OF ALL the theatre companies in all the world, the Gare St. Lazare Players of Ireland, founded in 1997, surely have the clearest mission. Year after year, the actor Conor Lovett performs the prose works of Samuel Beckett, as directed by his wife, Judy Hegarty Lovett. The stage is usually bare, apart from a small chair; and although the company occasionally varies the repertoire, Beckett’s prose writing remains the heart and soul of their art.

So now, they bring to Edinburgh Beckett’s 1948 short story First Love, also scheduled to appear – in a new Gate Theatre staging – in this year’s Edinburgh Festival. In this story, Beckett looks back to the year when his narrator was 25; and in his inimitable first-person style – spare, laconic, brutally honest, yet forever tempted by a bit of aimless philosophical speculation – he tells the tale of this lonely, homeless character’s entanglement with a girl called Lulu, or maybe Anna, whom he meets on a bench beside one of Dublin’s canals.

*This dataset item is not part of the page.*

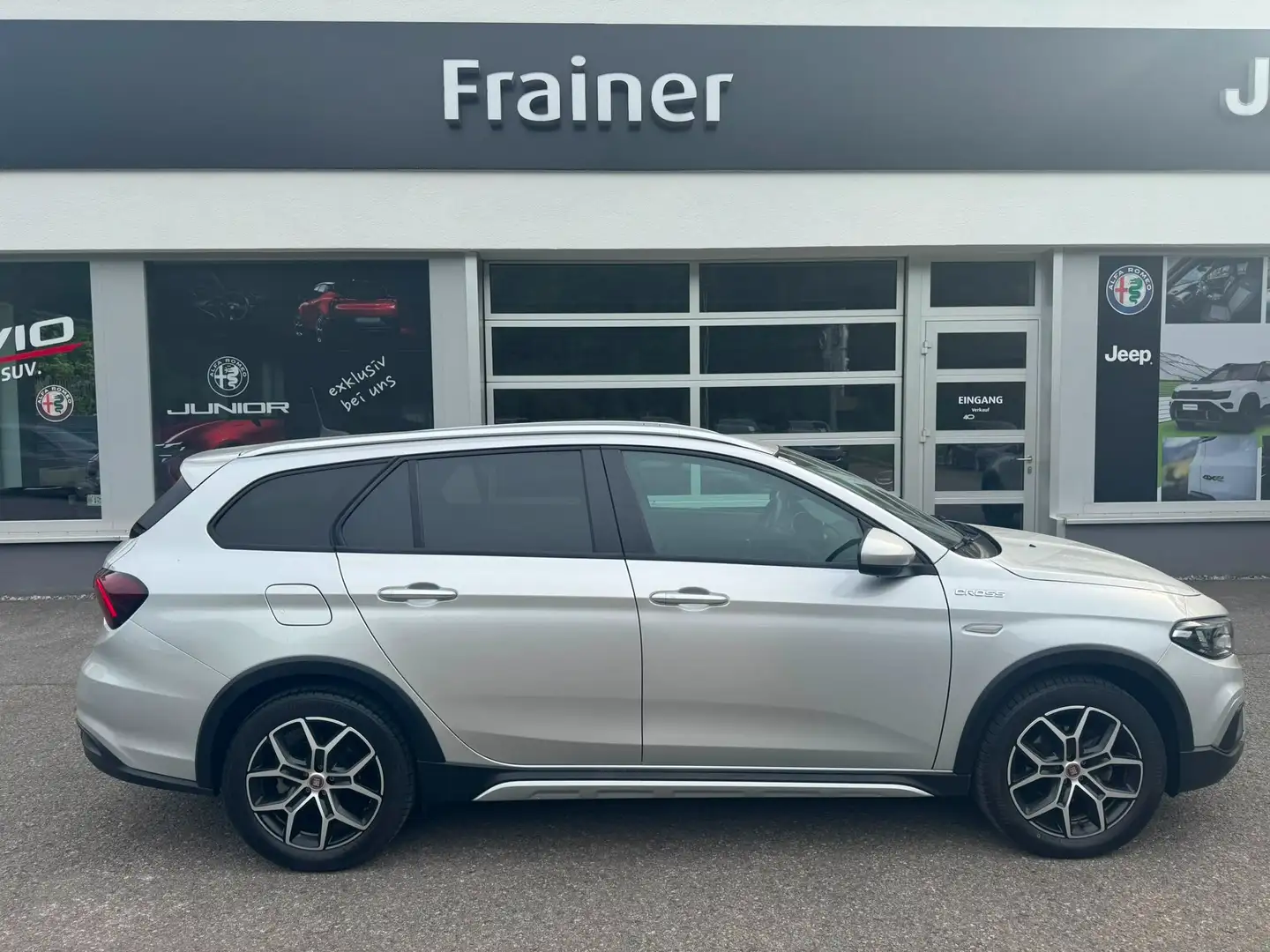 Fiat Tipo Cross Kombi Hybrid eDCT7 130PS Silber - 2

In one sense, everyone who has ever been in love will recognise the obsessional, inconvenient feeling for Lulu that the speaker describes. Yet here, Beckett is also creating a memorable and strangely contemporary portrait of the extreme self-absorption of a certain kind of young man’s mind, a disconnectedness that makes this woman seem to him more like a troubling natural phenomenon than a fellow human being; in the end, his coldness towards her, his lack of actual love, is shocking.

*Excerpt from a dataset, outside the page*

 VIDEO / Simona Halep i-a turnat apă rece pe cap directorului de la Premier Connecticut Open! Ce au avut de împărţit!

Yet Beckett observes the working of his mind with a ruthles, utterly convincing clarity; and perhaps with a kind of foreknowledge, beautifully captured in Conor Lovett’s unassuming but pitch-perfect performance, that this kind of rootless and heartless masculinity can only become more common, as the ties that bind men into society slacken, and the individual becomes ever more able to walk away, from all that love might actually mean.